El mundo natural que hoy conocemos en España, está sujeto a la evolución que ha tenido en los últimos dos millones de años. Una evolución que va con el ritmo de las estaciones.
Para que la vida fluya y sea constante, se tienen que dar una serie de acontecimientos naturales previos. El clima tiene que desarrollarse de forma natural y regular durante todas las estaciones del año. Quiere esto decir, que para que la vida siga de forma regular en la primavera siguiente, durante el otoño y el invierno, las precipitaciones en forma de lluvia y de nieve tienen que ser regulares.
Las abundantes precipitaciones que se dan en forma de lluvia durante el otoño en el ecosistema mediterráneo, paran la sequía estival y cargan los acuíferos. Las precipitaciones que se dan en invierno en forma de lluvia y de nieve, recargan los acuíferos y llenan las fuentes y hacen correr los arroyos.
El agua que se almacena en las capas freáticas (acuíferos) y en las fisuras de las rocas (acuíferos aislados) van a mantener con vida a la flora durante los dos meses de verano, y van a hacer posible que esta fructifique durante la estación y el otoño. Van a mantener llenas las fuentes y los manantiales, para que la fauna siga habitando las manchas.

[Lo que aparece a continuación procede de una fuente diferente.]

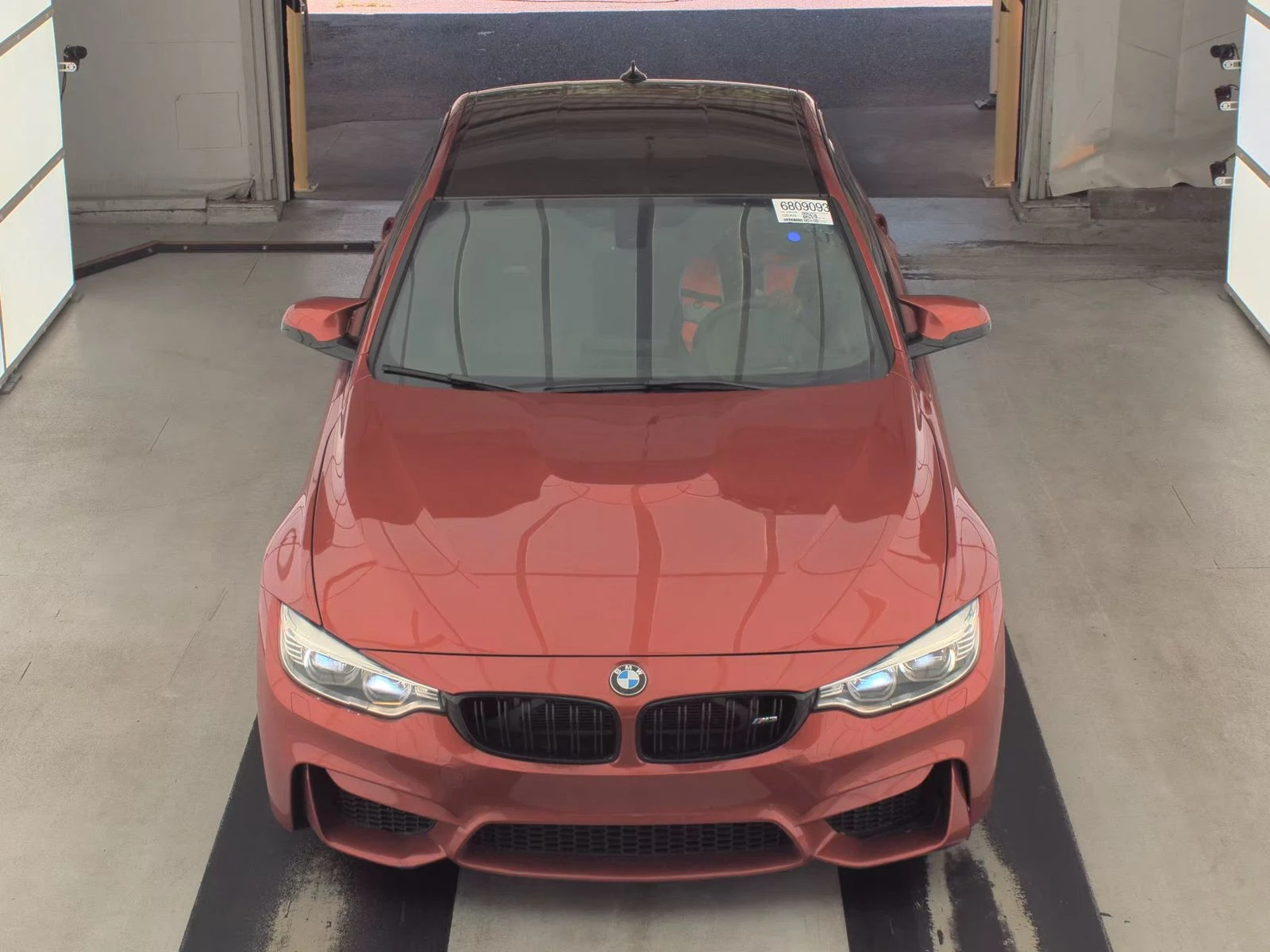 BMW M3 HEADUP* HARMAN* 360* АДАПТИВНО ОКАЧВАНЕ* FULL LED  - изображение 2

El agua que caiga en primavera, servirá para mantener el flujo de los arroyos y las fuentes, y para regar la vegetación. Pero no para recargar los acuíferos, arroyos y fuentes. Si estas recargas no se producen en otoño y en invierno, llegaremos a la primavera con un déficit hídrico, que va afectar de forma muy negativa a toda la vida del monte en los meses sucesivos.
La flora, por evolución, está capacitada para soportar de forma natural sin sufrir daños, durante uno o dos periodos, en los que las precipitaciones sean inferiores a las normales. En los años sucesivos, regulares, las condiciones naturales se restablecen y el monte no tiene ninguna merma.